**WHAT TO DO**:
The entries below are to be repeated exactly as they stand.

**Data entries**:
*** Block opens ***

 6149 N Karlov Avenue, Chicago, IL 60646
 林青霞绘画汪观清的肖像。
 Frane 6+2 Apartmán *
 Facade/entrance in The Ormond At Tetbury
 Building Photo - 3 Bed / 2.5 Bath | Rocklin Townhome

*** Block closes ***

**RESPONSE TO THE TASK**:
 6149 N Karlov Avenue, Chicago, IL 60646
 林青霞绘画汪观清的肖像。
 Frane 6+2 Apartmán *
 Facade/entrance in The Ormond At Tetbury
 Building Photo - 3 Bed / 2.5 Bath | Rocklin Townhome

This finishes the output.